Chicago / Reuters – Chicago Mercantile Exchange live cattle contracts closed sharply lower on Tuesday, undercut by technical-related selling that wiped out Monday’s gains, traders said.
They said August futures led losers after investors periodically sold that contract and simultaneously bought deferred months in a trading strategy known as bear spreading.
August live cattle ended 2.050 cents per lb lower at 110.400 cents, below the 10-day moving average of 111.28 cents. October closed 1.150 cents lower at 109.475 cents.
By Friday investors look for packers to pay about the same for market-ready, or cash, cattle as last week.
“Packers bought cattle on their own terms the last couple weeks, and it looks like they’re going to kind of have their way again this week,” said KIS Futures Vice President Lane Broadbent.
But a few processors may have tipped their hand that they are short on supplies by bidding for cattle on a Tuesday rather later in the week, a trader said.
Furthermore, Tuesday’s beef cutout price upturn, highly profitable packer margins and the threat of hot weather delaying delivery of animals to packers are supportive cash price influences.
On Tuesday, cash bids cropped up in Kansas at $115 per cwt, said feedlot sources. Sellers have not priced their cattle that last week in the U.S. Plains brought $117.
The morning’s choice beef price was up 24 cents per cwt to $202.81 from Monday. Select cuts rose $1.34 to $192.45, the U.S. Department of Agriculture said.
Fund liquidation and live cattle market losses weighed on CME feeder cattle contracts.
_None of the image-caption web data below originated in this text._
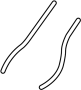 Automatic Transmission Oil Cooler Hose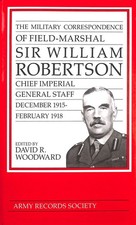 The Military Correspondence of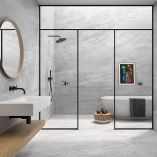 Picture of Malvern Grigio Porcelain Tiles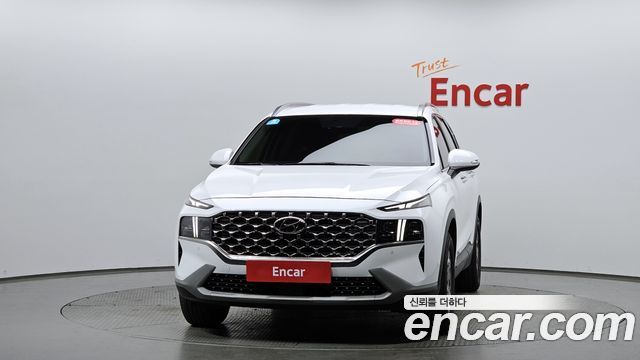 2022 Hyundai 더 뉴 싼타페 - Thumbnail 10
August feeders closed 1.275 cents per lb lower at 139.900 cents.
Hog futures end lower
Slumping cash hog prices and spillover from CME’s cattle market selling sent the exchange’s lean hog trading months lower, said traders.
August hogs finished down 0.475 cent per lb to 77.350 cents, and October ended 1.075 cents lower at 64.300 cents.
USDA reported Tuesday morning’s average cash hog price in Iowa/Minnesota had fallen 66 cents per cwt from Monday to $74.55 in light sales volume.
Most packers have enough hogs to accommodate near-term slaughter schedules, but a few others might need to fill gaps in inventories through the balance of the week, said Midwest hog merchants.
They said supermarkets may be buying pork for immediate needs in the event Midwest weekend forecasts for extreme heat limits the number of hogs available to packers.